Pemahaman ini bermula dari kebiasaan Rahavan menanam 150 tanaman berbeda yang bisa dimakan di halaman rumahnya. Dia pun menaruh minat pada komputasi bisa bekerja pada pertanian berkelanjutan.

Melalui agroekologi komputasi ini, Raghavan menerangkan, bahwa petani akan terbantukan dalam pemilihan tanaman. Selain itu, memungkinkan petani untuk pemilihan penanaman, irigasi, dan mengeksplorasi desain potensial yang berbeda.

Dengan demikian dapat mengoptimalkan produksi pangan lebih hijau. Hal itu juga termasuk bebas pestisida yang berasal dari bahan bakar fosil. "Cara berpikir yang benar-benar baru tentang pertanian,” tuturnya.

Mahasiswa Institut Pertanian Bogor melakukan pengamatan terhadap salah satu jenis tanaman yang berad (Rahmad Azhar/National Geographic Indonesia)

Lebih lanjutnya, Raghavan dan tim membuat konsep yang disebut "ruang keadaan". Ruang ini akan mewakili semua konfigurasi sistem pertanian yang memungkinkan. Dalam konsep itu menghitung variabel ruang pertanian, seperti jenis tanaman atau tanah, kondisi cuaca, irigasi, pemupukan, atau sistem pengendalian hama.

Lewat cara ini, jelas para peneliti, memungkinkan petani dan peneliti pertanian untuk bisa mengeksplorasi jalan dan strategi yang tersedia. Yang terlibat dalam industri pertanian bisa mengambil ruang atau variabel tertentu yang bisa dihitungkan di atas, ditempatkan dalam sistem untuk melihat mana yang berhasil.

Sistem ini melibatkan analitik dan pembelajaran mesin pada variabel. Sehingga, petani dan peneliti bisa melihat berbagai pendukung keberhasilan di sawah atau ladang.

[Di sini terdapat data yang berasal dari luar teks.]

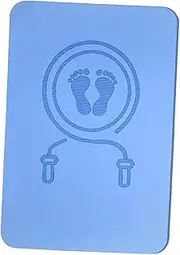 Perfeclan Cordless Jump Rope Mat Jump Rope Pad Blanket Noise Reduction Double Sided Non Slip Sports Multipurpose Rectangle Exercise Mat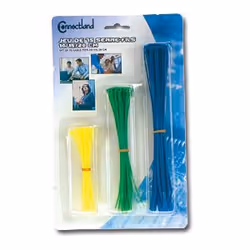 Connectland SF-C7-75, Nylon, Bleu, Vert, Jaune, 75 pièce(s)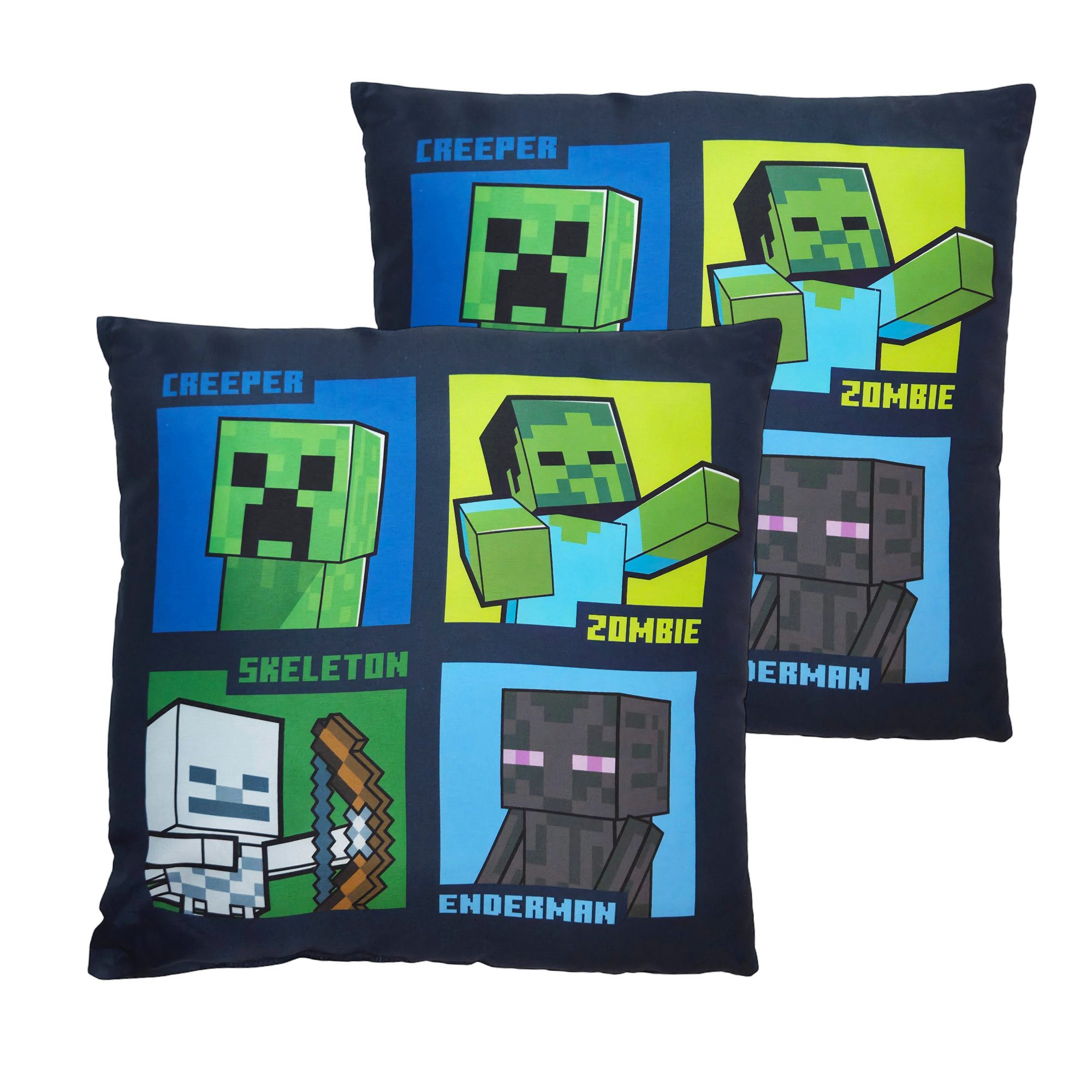 Minecraft Dekokissen Gamer Minecraft Creeper Zombie Enderman Kissen Dekokissen 40x40 cm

Misalnya, menganalisis pola antara hasil panen dan kadar air tanah, atau menyimulasikan penanaman berbagai jenis tanaman bersama untuk keanekaragaman hayati.

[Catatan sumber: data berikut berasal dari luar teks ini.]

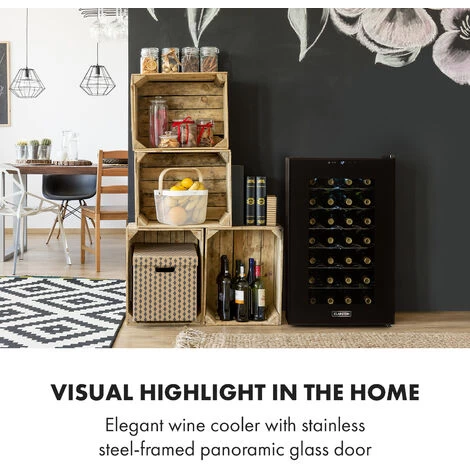 Klarstein Barolo 28 Uno, Wine Cooler, 70 Litres, 11-18 ° C, SingleZone 4 Klarstein Barolo 28 Uno, Wine Cooler, 70 Litres, 11-18 ° C, SingleZone - Image 2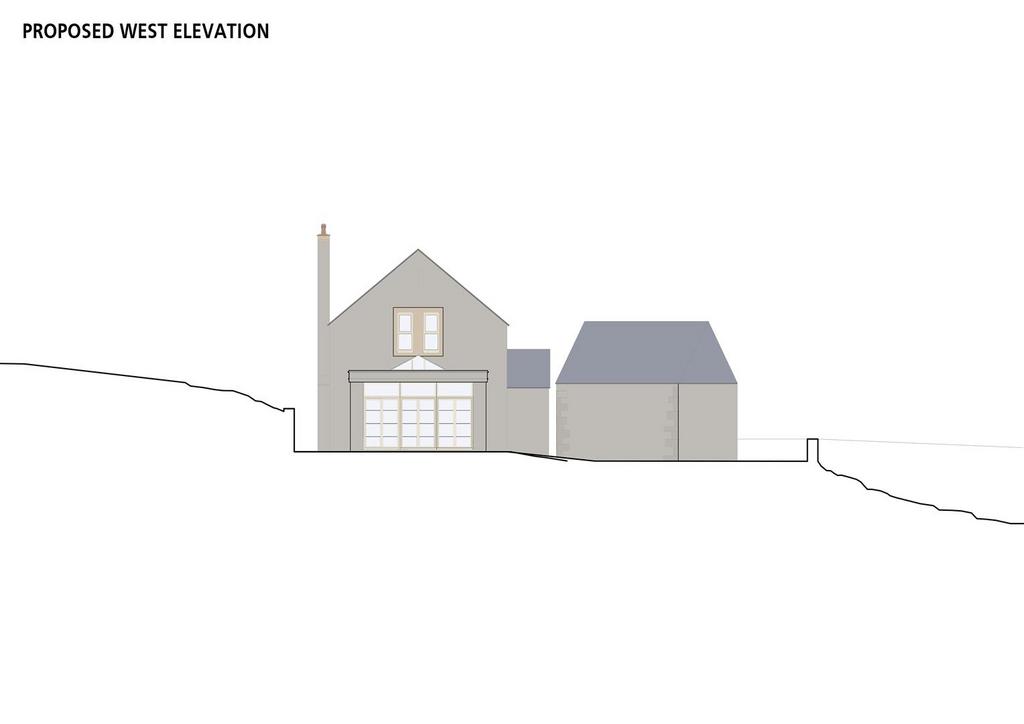 Proposed West Elevation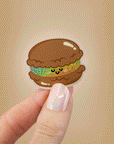 chocolate macaron glitter sticker
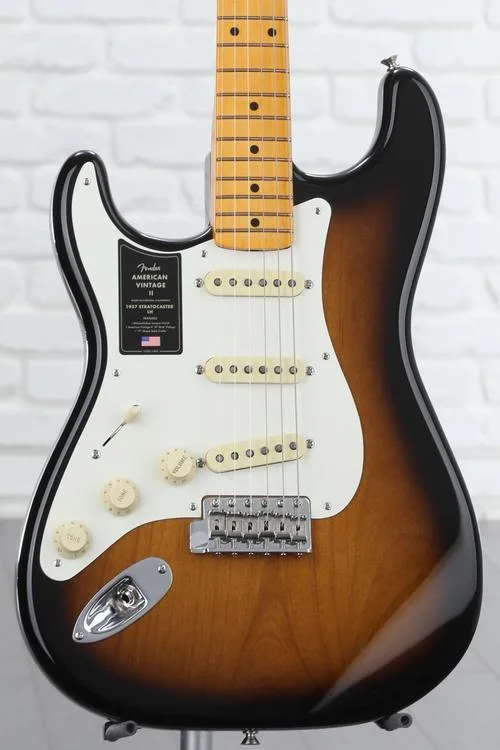 Fender American Vintage II 1957 Stratocaster Left-handed Electric Guitar - 2-color Sunburst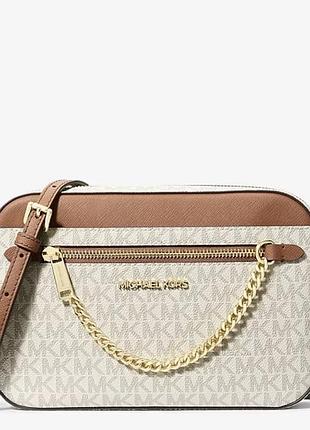 Сумка jet set large logo crossbody bag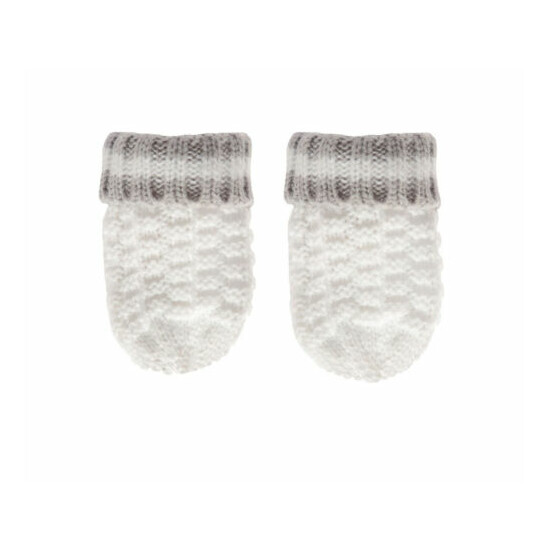 Baby Boys Girls Mittens Cable Knitted With Turnover Mittens NB-12 Months M648 image {4}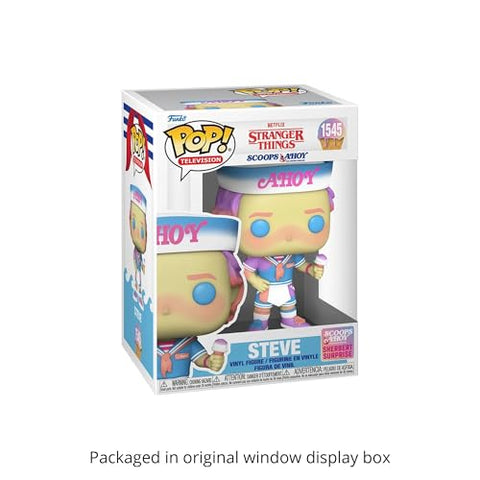 Stranger Things: Steve with Ice Cream #1545 Funko Pop + Protective Case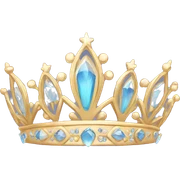 simple tiara sticker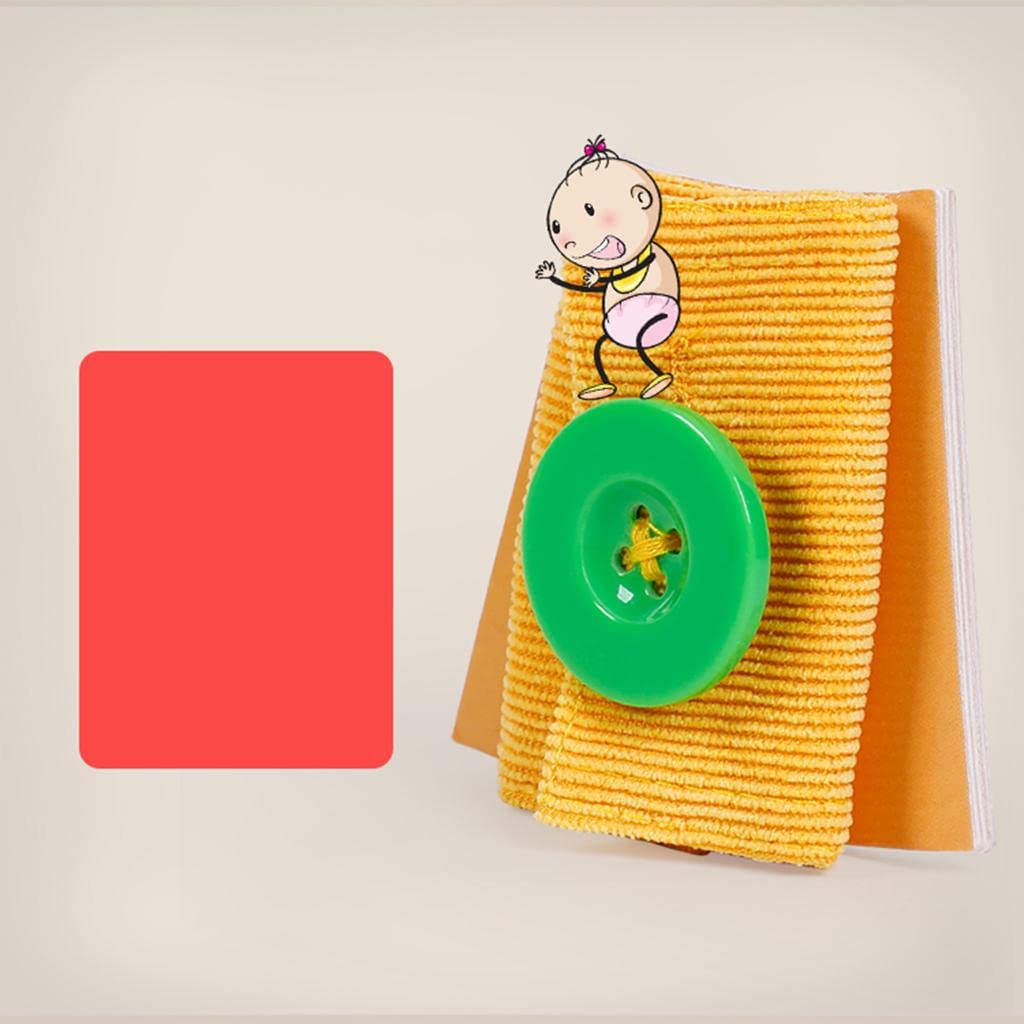 6 in 1 Montessori Learn to Dress Boards Early Basic Life Skills Training Cat Board Toys - Zip, Snap, Button, Buckle, Lace & Tie Baby Kids Educational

“Begitu kita dapat memahami pertanian dengan cara ini, kita kemudian dapat membingkai ulang banyak pertanyaan penelitian dan pertanyaan perencanaan pertanian sebagai pencarian melalui ruang dari semua kemungkinan keadaan pertanian yang mungkin berakhir, dengan keadaan tertentu yang lebih diinginkan daripada yang lain,” lanjut Raghavan.

Baca Juga: Teknik Pertanian Tradisional Asia Tenggara Bisa Menjadi Solusi Global

Baca Juga: Sistem Lumbung Pangan Punya Masalah di Bidang Lingkungan dan Sosial

Baca Juga: Menyulap Limbah Padi Indonesia Menjadi Energi Listrik Berbiaya Rendah

Baca Juga: Bahu-membahu Nelayan Wujudkan Perikanan Berkelanjutan Papua Barat Daya 

“Hal ini memungkinkan kami untuk membandingkan dan membedakan berbagai pendekatan pertanian, mengeksplorasi dan menggabungkan teknik, dan kemudian mencari ruang keadaan dalam simulasi untuk teknik pertanian baru yang belum pernah dicoba sebelumnya dan di mana coba-coba di dunia nyata akan jauh terlalu mahal. dan memakan waktu.”

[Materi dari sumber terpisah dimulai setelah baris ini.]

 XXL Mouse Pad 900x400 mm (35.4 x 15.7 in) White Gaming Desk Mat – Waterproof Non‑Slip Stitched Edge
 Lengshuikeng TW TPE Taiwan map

Raghavan juga menyimpulkan bahwa cara ini bisa membantu para petani yang hendak memulai cocok tanam untuk meringkas waktu. Selama ini di ladang atau sawah, petani kerap melakukan eksperimen untuk mengetahui mana yang gagal dan berhasil.

“Sebaliknya, dengan kerangka kerja konseptual dan akhirnya kerangka kerja perangkat lunak ruang keadaan," Raghavan menjelaskan.

"Seorang petani dapat menguraikan tujuan—seperti panen yang beragam dengan hasil tinggi dan kemungkinan keuntungan tinggi untuk sebidang tanah tertentu—dan meminta sistem menjelajahi ruang keadaan dan menghasilkan kemungkinan campuran tanaman, penempatan, dan teknik pengelolaan yang memenuhi kriteria petani.”